------ Recorded data ------
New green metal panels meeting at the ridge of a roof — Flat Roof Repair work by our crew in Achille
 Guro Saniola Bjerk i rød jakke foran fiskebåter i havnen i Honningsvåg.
------
------ Recorded data ------
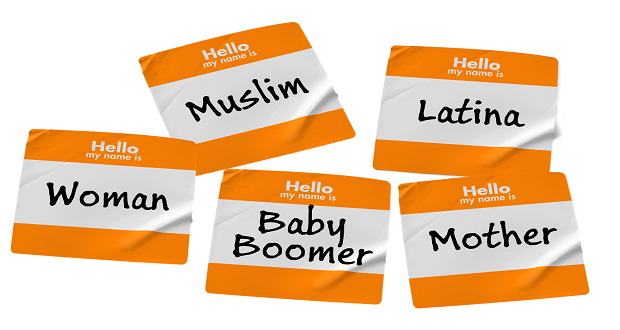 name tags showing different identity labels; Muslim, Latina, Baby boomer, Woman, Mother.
------
> **Work to complete**: Could you restate word for word the lines above from the one containing "New green metal" through the one containing "Guro Saniola Bjerk", both included, and nothing else?

> **Exercise response**:
New green metal panels meeting at the ridge of a roof — Flat Roof Repair work by our crew in Achille
 Guro Saniola Bjerk i rød jakke foran fiskebåter i havnen i Honningsvåg.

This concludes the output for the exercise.